BEGIN AVAILABLE RECORDS

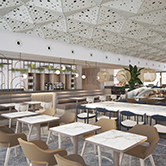 Plaza Premium Lounge Istanbul Sabiha Gökçen International Airport, , small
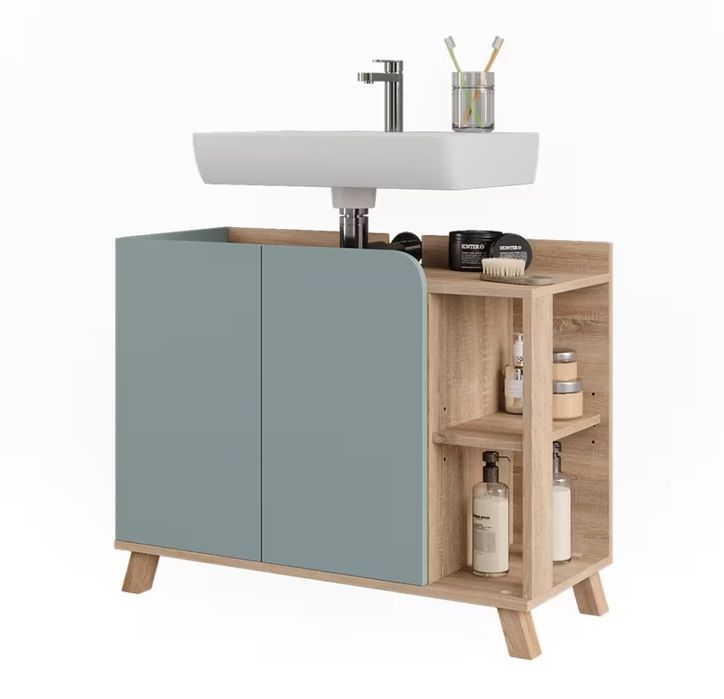 Шкаф за подмивка нов 9008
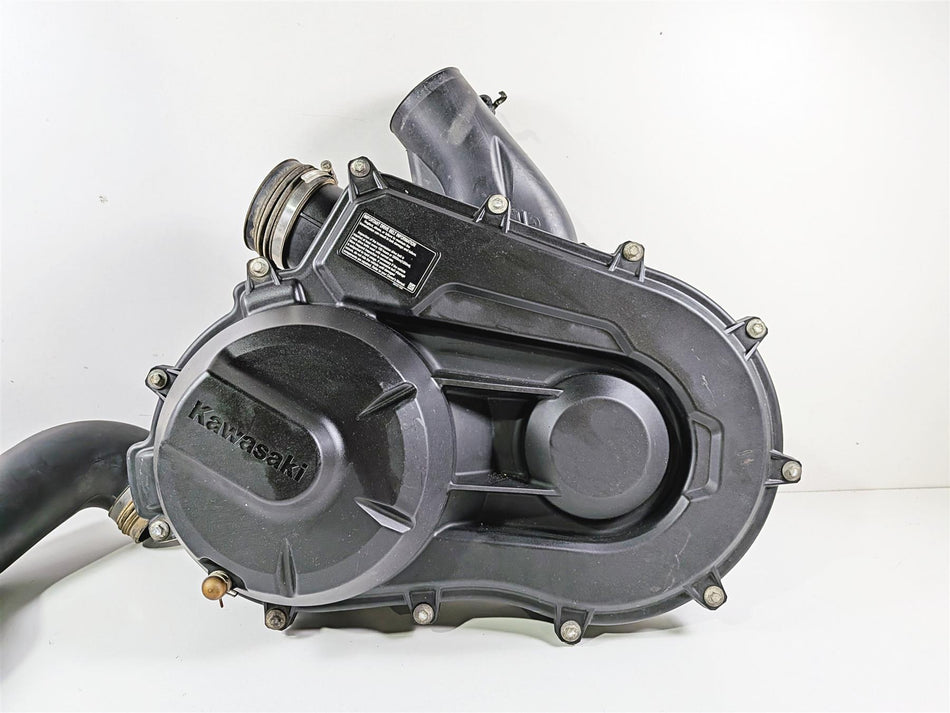 2021 Kawasaki Teryx KRX KRF 1000 ES Primary Drive Cover & Tube Set 32099-0795 {{ shop.shopifyCountryName }} - Mototech271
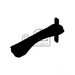 febi Steering Part #42167 - Single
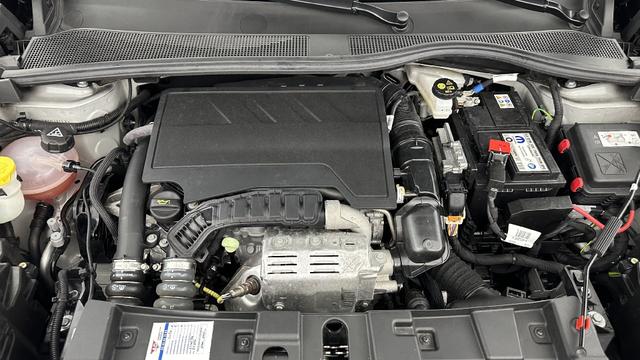 Jeep Avenger Altitude 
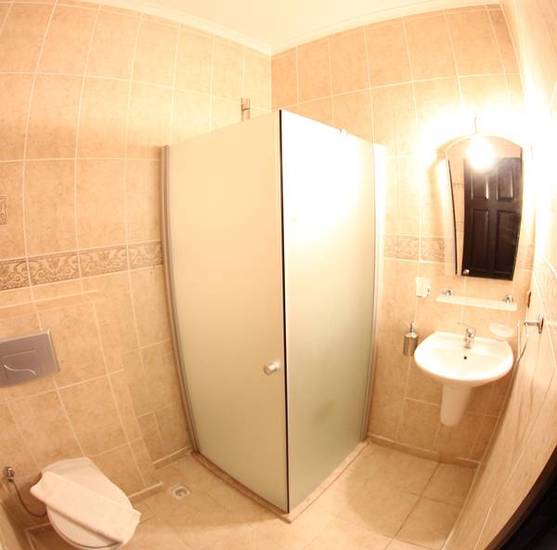 Mavi Deniz Selimiye Motel Турция, Селимие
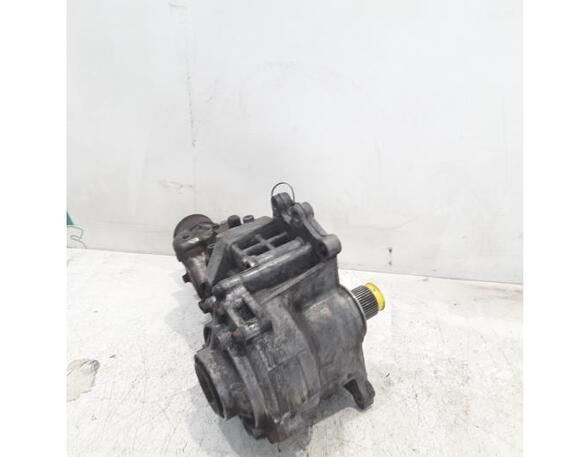 Transfer Case CITROËN C-CROSSER (VU_, VV_), CITROËN C-CROSSER ENTERPRISE (VU_, VV_)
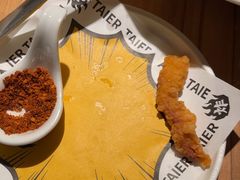 -太二酸菜鱼(浦东正大广场店)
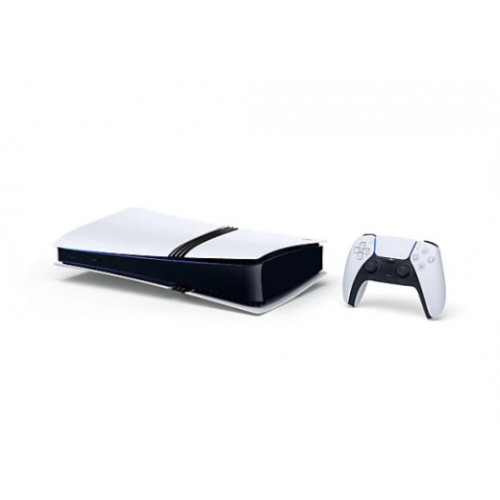 Игровая приставка Sony PlayStation 5 Pro 2TB (2024) — фото 4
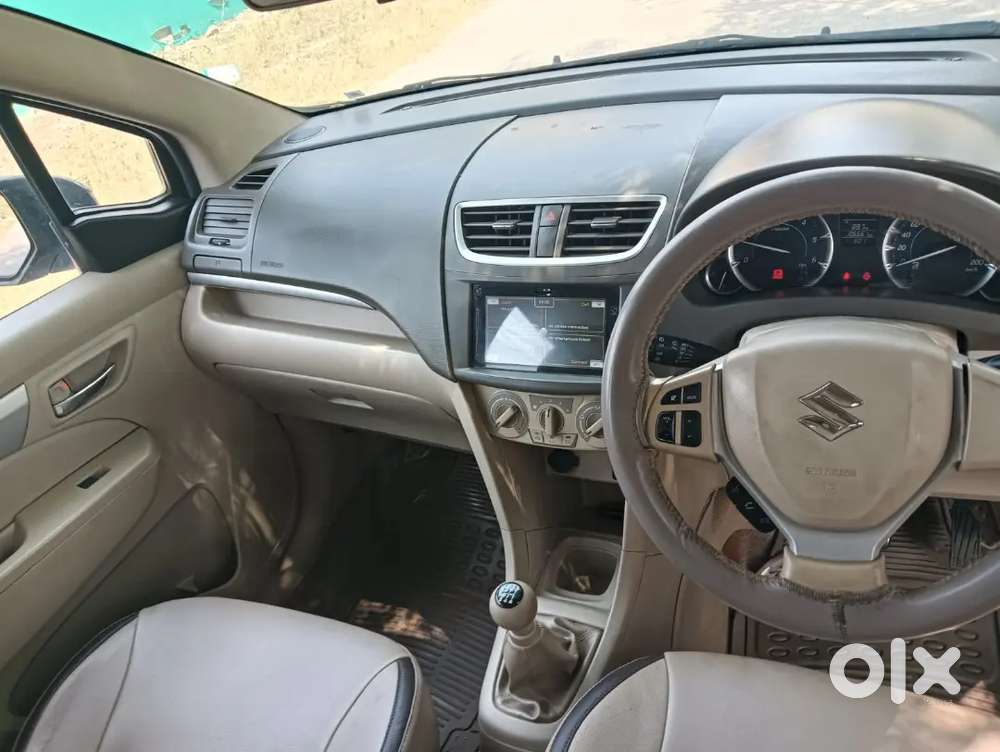 Maruti Suzuki Ertiga 2016 Diesel 106000 Km Driven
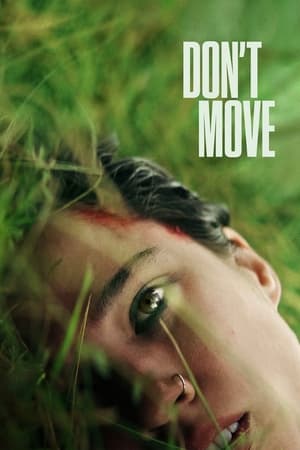 Dont Move 2024 Hindi ORG Dual Audio – – 1080p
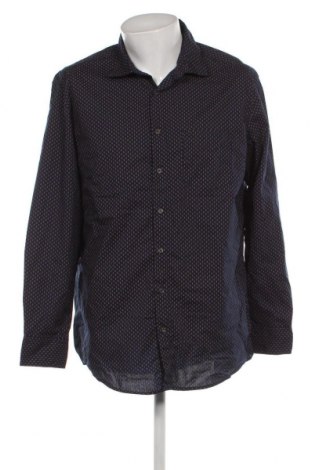 Ανδρικό πουκάμισο Reward, Μέγεθος XL, Χρώμα Πολύχρωμο, Τιμή 5,20 €
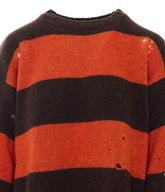MAXI LILITH SWEATER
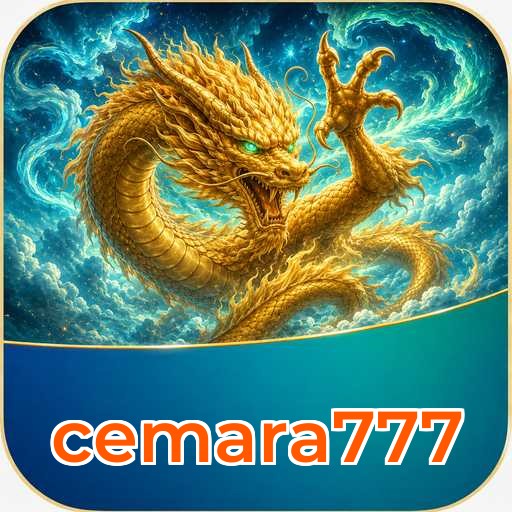 Logo cemara777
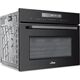Piekarnik Lord Built-in compact oven with microwave function Lord B5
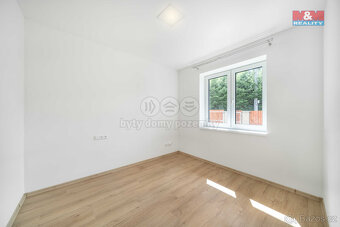 Pronájem rodinného domu, 3+kk s ter., 49 m², Obecnice - 15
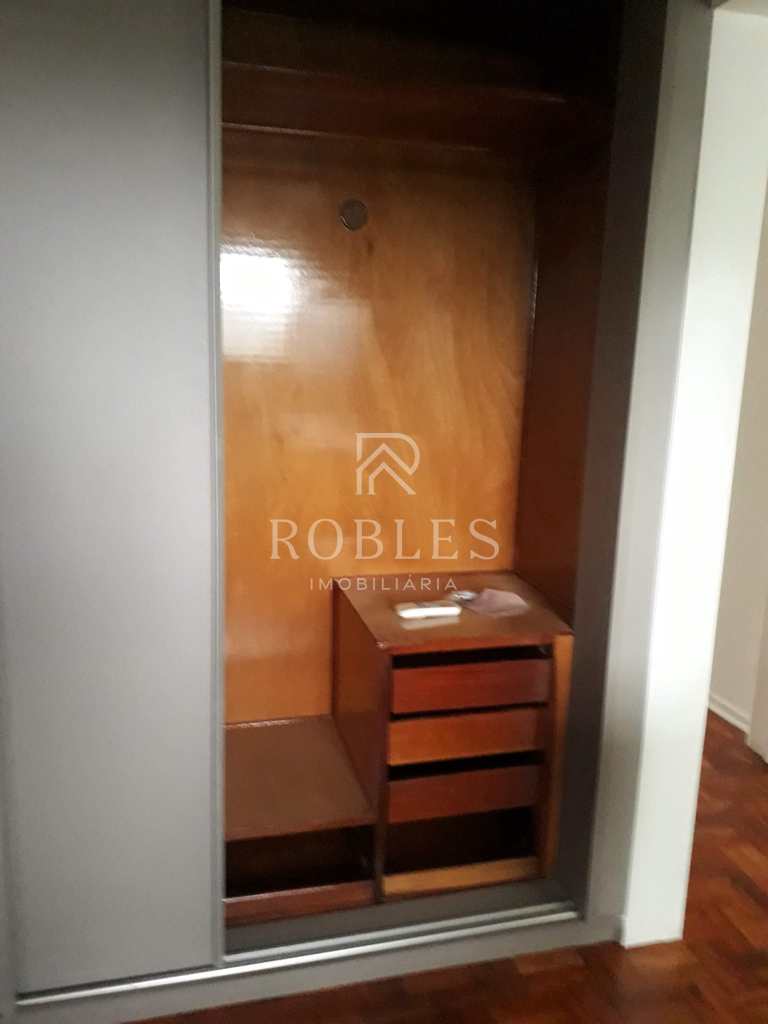 Apartamento em São Paulo, no bairro Vila Nova Conceição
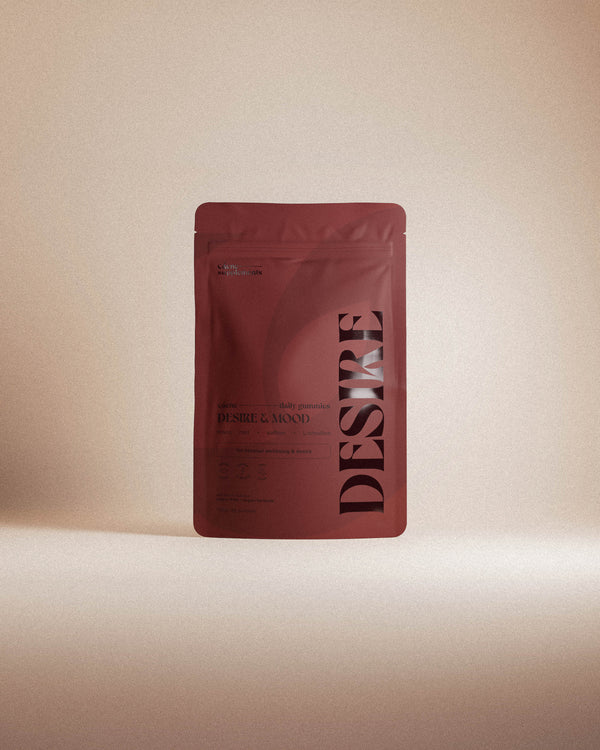 desire gummies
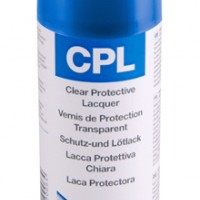 ELECTROLUBE易力高  CPL透明保護漆 通用型三防漆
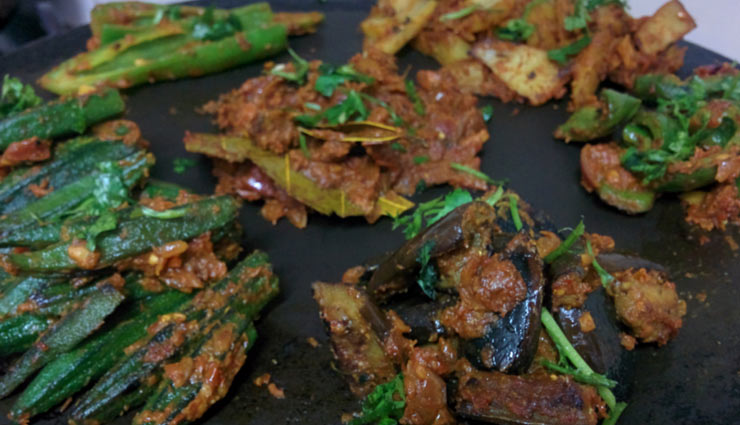 tawa sabji masala,sabji recipe,tawa sabji recipe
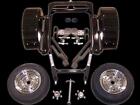 Voyager Standard Trike Kit Suzuki Burgman 650 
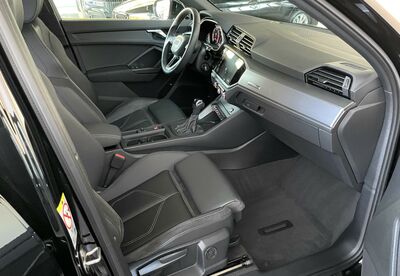 Audi Q3 Gebrauchtwagen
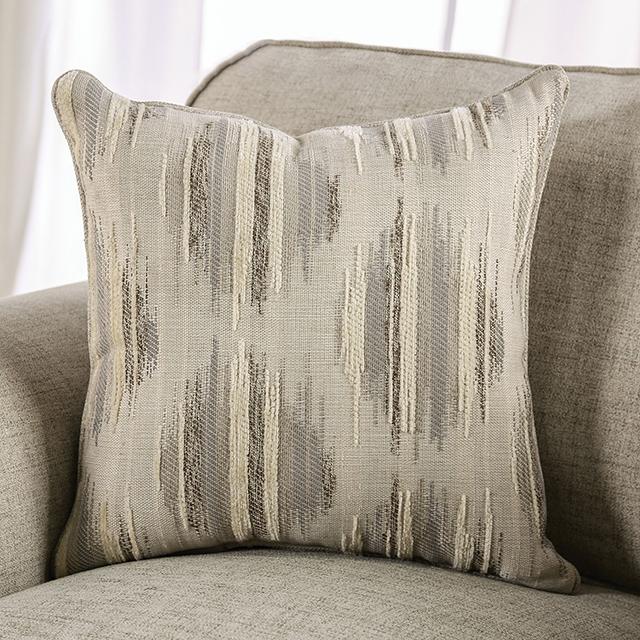 AMAYA Sofa - Marjories Furniture (Las Vegas, NV)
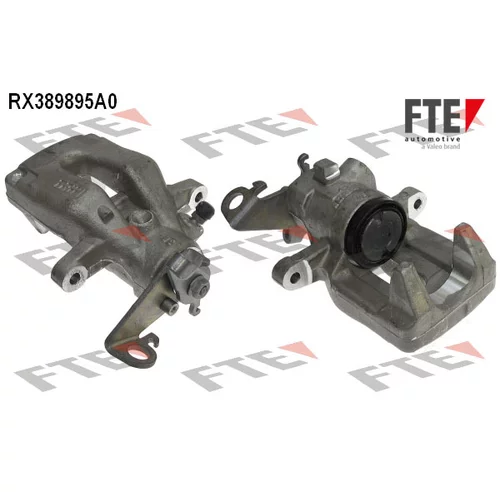 Brzdový strmeň FTE 9290765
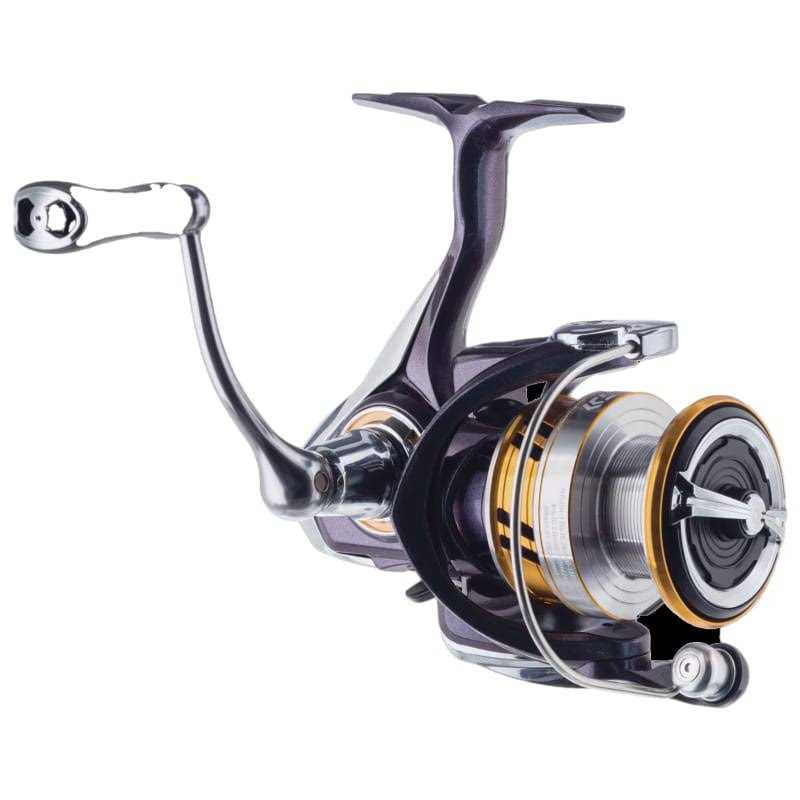 Daiwa Regal LT Spinning Reel - Image 3
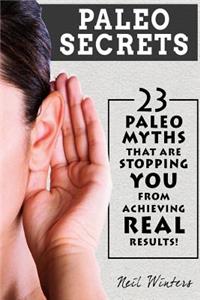 Paleo Secrets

END AVAILABLE RECORDS

YOUR INSTRUCTIONS: For this exercise, transcribe exactly only the lines from the one containing "Transfer Case CITROËN" through the end of the listing, inclusive, without the pictures.

WRITTEN RESPONSE:
 Transfer Case CITROËN C-CROSSER (VU_, VV_), CITROËN C-CROSSER ENTERPRISE (VU_, VV_)
 -太二酸菜鱼(浦东正大广场店)
 Игровая приставка Sony PlayStation 5 Pro 2TB (2024) — фото 4
 Maruti Suzuki Ertiga 2016 Diesel 106000 Km Driven
 Dont Move 2024 Hindi ORG Dual Audio – – 1080p
 Ανδρικό πουκάμισο Reward, Μέγεθος XL, Χρώμα Πολύχρωμο, Τιμή 5,20 €
MAXI LILITH SWEATER
 Logo cemara777
Piekarnik Lord Built-in compact oven with microwave function Lord B5
 Pronájem rodinného domu, 3+kk s ter., 49 m², Obecnice - 15
 Apartamento em São Paulo, no bairro Vila Nova Conceição
 desire gummies
 ELECTROLUBE易力高  CPL透明保護漆 通用型三防漆
 tawa sabji masala,sabji recipe,tawa sabji recipe
 Voyager Standard Trike Kit Suzuki Burgman 650 
 Audi Q3 Gebrauchtwagen
 AMAYA Sofa - Marjories Furniture (Las Vegas, NV)
 Brzdový strmeň FTE 9290765
 Daiwa Regal LT Spinning Reel - Image 3
 Paleo Secrets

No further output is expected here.